Much papal news in and outside of the mainstream media today, much stemming from Francis’s announcement on annulments, more assessing his strategies and successes on curial reform, and some on his call over the weekend for Catholics in Europe to extend the welcome to migrants and refugees.

On annulments: Emma Green at The Atlantic says the new policy is the first tremor signaling the big shakeups to come, while David Gibson, writing at NCR, takes a closer look at the streamlining of procedures and questions what effect the changes will have in the United States, “where about half of all annulments are granted even though American Catholics are just 6 percent of the global church.” And at Crux, Inés San Martín goes a little bit deeper into the details. Now might also be a good time to view (or review) our Commonweal Reading List on the state of Catholic marriage, updated to reflect new developments.

At The New Yorker, Alexander Stille assesses Francis’s chances of making changes to the Curia, given how for “the most part he must work with the singular community that he inherited.” “I got a glimpse of how difficult that might be,” Stilles writes

when I attended a gathering of high-level Vatican officials in Rome earlier this year and overheard a cardinal talking about how L’Espresso, an Italian news magazine, would soon be publishing a damaging exposé of the free-spending ways of Cardinal George Pell, the Australian whom Francis brought in to clean up the Vatican’s finances. The article was based on leaked documents, and the cardinal was clearly pleased with its imminent publication. “When Francis came in, the attitude was that everything that the Italians did was bad and corrupt—now it is a little more complicated,” he said. He felt that it was important to settle accounts with those he viewed as “pseudo-reformers.”

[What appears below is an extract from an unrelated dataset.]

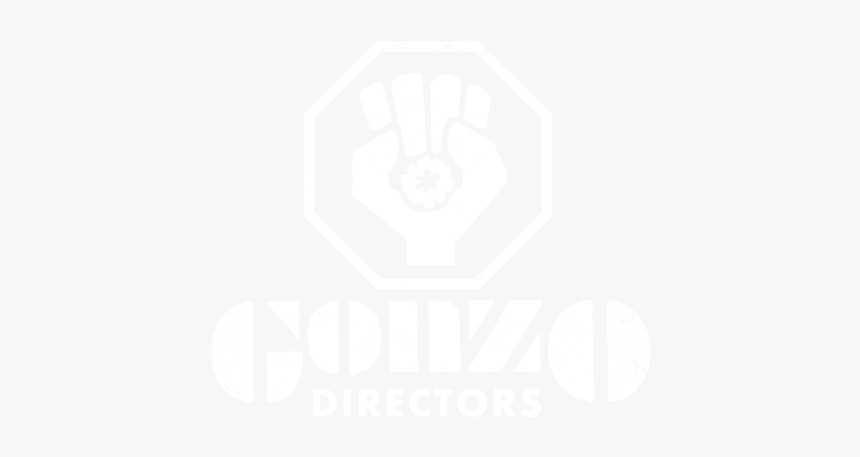 Gonzo Fist Hunter S, HD Png Download, Free Download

Paul Vallely, at New York Magazine, writes on what he sees as the pope’s “wily political strategy,” one built on alliance-building, openness to confrontation, and planning: “The pope’s friends describe him as a ‘chess player’ whose ‘every step has been thought out.’”

The Washington Post reports that Hungary’s Bishop Laszlo Kiss-Rigo is not on board with Francis’s call this weekend for Europe’s Catholics to open their churches, monasteries, and homes as sanctuaries for those seeking refuge. “They’re not refugees,” Rigo said, quoted in the Post. “This is an invasion. They come here with cries of ‘Allahu Akbar.’ They want to take over.” The Vatican itself is taking in two refugee families, now giving it the ability, according to The Guardian, to respond to Matteo Salvini of Italy’s Northern League, “who in a radio interview once sarcastically asked how many migrants were living in Vatican City.”